Amour et réalités ..

Que dire à des jeunes qui s'engagent dans le mariage avec le désir de réussir leur vie à deux, afin d'assurer la solidité de leur famille et, par là même, de la société ? Mon expérience professionnelle, où je reçois des couples en crises douloureuses ou en échecs cruels, et mon expérience personnelle de durée dans le couple, expérience que nous partageons avec d'autres couples, me donnent très envie de prévenir, d'avertir des difficultés, des embûches de toute vie conjugale sans couper les ailes à cet amour tout neuf. Est-ce possible ?

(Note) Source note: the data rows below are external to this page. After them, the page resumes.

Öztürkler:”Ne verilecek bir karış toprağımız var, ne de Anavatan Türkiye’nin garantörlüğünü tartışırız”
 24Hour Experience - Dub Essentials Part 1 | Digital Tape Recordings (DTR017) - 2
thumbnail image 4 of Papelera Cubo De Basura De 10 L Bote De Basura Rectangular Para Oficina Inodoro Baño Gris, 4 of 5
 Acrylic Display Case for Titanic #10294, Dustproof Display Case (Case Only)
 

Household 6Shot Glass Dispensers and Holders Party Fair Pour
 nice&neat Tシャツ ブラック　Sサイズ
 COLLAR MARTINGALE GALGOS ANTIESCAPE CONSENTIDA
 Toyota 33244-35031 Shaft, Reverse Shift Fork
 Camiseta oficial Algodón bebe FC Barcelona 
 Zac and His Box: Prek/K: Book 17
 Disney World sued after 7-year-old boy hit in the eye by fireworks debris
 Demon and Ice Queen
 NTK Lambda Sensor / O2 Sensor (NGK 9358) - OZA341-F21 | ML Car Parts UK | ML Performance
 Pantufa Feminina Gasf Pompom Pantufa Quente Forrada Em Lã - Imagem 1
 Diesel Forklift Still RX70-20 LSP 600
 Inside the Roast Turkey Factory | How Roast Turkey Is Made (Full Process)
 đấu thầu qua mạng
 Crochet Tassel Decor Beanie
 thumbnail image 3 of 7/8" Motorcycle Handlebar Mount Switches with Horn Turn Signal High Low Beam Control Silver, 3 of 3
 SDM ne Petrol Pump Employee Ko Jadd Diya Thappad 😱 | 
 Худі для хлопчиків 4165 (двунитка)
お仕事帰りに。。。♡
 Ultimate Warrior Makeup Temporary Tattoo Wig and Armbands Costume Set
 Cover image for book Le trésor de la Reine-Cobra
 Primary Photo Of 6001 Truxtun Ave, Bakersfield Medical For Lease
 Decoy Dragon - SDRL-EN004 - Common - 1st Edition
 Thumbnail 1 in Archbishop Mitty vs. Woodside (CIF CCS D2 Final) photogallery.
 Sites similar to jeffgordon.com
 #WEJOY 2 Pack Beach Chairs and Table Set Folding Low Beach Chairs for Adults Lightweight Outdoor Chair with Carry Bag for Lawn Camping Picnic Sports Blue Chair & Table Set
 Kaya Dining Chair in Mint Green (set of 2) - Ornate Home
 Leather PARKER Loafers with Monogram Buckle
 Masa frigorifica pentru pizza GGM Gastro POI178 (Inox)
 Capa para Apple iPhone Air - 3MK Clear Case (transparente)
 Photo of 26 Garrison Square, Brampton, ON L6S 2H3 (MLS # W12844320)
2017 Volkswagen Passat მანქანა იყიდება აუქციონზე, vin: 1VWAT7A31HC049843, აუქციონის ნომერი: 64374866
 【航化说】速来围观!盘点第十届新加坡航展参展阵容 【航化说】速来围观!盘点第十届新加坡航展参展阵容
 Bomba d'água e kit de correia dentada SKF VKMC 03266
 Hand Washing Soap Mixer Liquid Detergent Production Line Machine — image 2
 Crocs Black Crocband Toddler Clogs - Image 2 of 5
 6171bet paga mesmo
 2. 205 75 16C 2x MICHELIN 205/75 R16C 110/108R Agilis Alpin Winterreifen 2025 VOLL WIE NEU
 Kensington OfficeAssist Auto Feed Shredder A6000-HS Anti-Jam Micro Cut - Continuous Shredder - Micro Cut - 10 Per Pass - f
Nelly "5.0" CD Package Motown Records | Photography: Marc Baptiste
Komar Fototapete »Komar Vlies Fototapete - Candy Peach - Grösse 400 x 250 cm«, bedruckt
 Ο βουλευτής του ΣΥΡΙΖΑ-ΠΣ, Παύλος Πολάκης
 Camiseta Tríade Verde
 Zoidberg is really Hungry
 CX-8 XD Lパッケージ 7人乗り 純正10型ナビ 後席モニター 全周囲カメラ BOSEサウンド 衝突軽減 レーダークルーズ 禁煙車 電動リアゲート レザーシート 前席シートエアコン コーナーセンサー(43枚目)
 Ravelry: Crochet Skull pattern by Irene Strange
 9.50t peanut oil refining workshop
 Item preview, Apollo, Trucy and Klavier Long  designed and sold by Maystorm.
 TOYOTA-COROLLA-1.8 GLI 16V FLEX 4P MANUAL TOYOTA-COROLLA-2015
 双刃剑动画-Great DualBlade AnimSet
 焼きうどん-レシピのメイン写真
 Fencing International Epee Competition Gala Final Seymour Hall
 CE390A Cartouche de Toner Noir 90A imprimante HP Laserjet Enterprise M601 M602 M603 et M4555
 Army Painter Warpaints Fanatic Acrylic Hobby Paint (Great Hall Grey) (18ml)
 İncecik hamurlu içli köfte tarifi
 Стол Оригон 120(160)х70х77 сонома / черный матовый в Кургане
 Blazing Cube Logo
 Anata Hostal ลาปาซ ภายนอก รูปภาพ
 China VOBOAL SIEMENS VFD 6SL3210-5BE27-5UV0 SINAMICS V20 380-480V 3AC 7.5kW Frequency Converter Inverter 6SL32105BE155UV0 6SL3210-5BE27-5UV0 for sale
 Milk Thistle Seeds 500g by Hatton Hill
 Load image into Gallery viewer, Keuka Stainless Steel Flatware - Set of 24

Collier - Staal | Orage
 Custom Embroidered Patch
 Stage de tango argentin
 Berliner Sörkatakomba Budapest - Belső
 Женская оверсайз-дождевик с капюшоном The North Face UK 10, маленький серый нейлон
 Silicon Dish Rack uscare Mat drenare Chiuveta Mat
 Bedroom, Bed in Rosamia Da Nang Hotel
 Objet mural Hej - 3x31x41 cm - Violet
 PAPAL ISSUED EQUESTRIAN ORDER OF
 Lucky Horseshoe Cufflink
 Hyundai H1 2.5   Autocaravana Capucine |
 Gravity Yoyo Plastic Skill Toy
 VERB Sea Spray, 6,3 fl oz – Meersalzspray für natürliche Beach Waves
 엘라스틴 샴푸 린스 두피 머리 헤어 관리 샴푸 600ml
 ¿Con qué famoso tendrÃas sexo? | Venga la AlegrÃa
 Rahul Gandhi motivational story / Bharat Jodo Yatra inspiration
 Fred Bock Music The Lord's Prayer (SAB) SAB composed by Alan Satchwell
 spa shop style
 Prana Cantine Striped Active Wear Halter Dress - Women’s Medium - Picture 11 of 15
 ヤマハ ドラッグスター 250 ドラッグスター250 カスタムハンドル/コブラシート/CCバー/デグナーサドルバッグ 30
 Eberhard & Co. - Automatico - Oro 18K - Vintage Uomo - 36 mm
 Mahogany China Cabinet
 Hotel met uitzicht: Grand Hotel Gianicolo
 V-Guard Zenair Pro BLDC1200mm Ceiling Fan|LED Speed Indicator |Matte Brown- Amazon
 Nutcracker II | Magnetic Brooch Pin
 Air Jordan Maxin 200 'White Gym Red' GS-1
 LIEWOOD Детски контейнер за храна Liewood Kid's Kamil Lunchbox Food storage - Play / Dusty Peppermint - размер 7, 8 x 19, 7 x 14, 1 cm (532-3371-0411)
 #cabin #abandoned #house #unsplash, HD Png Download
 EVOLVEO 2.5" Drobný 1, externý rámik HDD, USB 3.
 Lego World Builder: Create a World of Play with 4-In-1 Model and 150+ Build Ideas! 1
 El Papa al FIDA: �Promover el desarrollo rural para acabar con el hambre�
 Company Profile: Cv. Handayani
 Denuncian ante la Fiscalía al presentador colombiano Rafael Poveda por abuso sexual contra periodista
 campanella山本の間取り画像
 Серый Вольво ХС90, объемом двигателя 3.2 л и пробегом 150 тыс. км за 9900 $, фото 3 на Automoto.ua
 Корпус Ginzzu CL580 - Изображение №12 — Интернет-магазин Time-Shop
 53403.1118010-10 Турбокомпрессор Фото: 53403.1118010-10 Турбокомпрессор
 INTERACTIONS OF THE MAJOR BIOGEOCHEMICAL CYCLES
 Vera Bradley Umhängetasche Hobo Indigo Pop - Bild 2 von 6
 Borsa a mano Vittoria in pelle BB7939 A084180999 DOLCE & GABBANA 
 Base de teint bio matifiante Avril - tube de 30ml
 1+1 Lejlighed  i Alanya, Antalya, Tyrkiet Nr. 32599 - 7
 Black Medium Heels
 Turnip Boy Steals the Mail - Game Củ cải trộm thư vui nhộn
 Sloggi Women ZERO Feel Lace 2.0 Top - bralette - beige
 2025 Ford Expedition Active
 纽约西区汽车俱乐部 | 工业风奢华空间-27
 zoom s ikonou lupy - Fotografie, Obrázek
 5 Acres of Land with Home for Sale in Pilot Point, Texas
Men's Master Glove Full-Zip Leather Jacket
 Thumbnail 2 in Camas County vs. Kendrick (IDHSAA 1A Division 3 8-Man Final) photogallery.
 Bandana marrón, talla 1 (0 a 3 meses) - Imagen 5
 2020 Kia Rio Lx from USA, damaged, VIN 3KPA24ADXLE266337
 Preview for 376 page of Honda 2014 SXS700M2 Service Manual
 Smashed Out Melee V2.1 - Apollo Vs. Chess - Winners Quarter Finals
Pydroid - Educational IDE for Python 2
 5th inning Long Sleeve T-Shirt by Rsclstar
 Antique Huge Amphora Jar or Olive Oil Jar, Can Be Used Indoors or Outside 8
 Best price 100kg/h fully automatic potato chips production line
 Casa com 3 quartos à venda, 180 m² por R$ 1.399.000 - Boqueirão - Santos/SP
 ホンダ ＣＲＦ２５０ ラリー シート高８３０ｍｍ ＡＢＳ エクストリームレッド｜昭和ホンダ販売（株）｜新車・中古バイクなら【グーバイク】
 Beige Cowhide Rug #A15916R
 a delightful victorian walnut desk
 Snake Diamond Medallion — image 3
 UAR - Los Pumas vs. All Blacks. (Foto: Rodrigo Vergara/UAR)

Je sais, par ailleurs, l'inutilité de tout discours, de tout conseil, dans cette période de la vie amoureuse où chaque couple a l'impression de vivre une aventure unique, incomparable. Donc, pas de conseils plus ou moins moralisants ou normalisants. Cependant, quand un architecte conçoit une maison, aussi originale soit-elle, il doit tenir compte d'un certain nombre d'impératifs, de réalités, s'il veut que la maison résiste au temps. Quels seraient ces impératifs, ces points incontournables pour la solidité du couple ? Si je le savais clairement... A défaut, je livre ici quelques réflexions inspirées par les souffrances qu'engendre l'échec.

 Aimer, ce n'est pas si simple !

Rien de plus désirable qu'aimer et être aimé... Pourtant, certaines formes d'amour peuvent être nocives, voire destructrices, car il ne faut pas confondre la dépendance et l'amour, la possession de l'autre et l'amour, le désir de l'autre et l'amour. Comme le bon grain et l'ivraie, cette recherche affective de possession, de sécurité, s'entremêle avec le respect de l'autre, le souci de le comprendre et de le voir s'épanouir. D'ailleurs, peut-on être amoureux sans se sentir dépendant ? Comment n'avoir pas envie de posséder l'objet d'amour et crainte de le perdre ? Comment ne pas vivre les moments fusionnels comme le sommet de la vie de couple ?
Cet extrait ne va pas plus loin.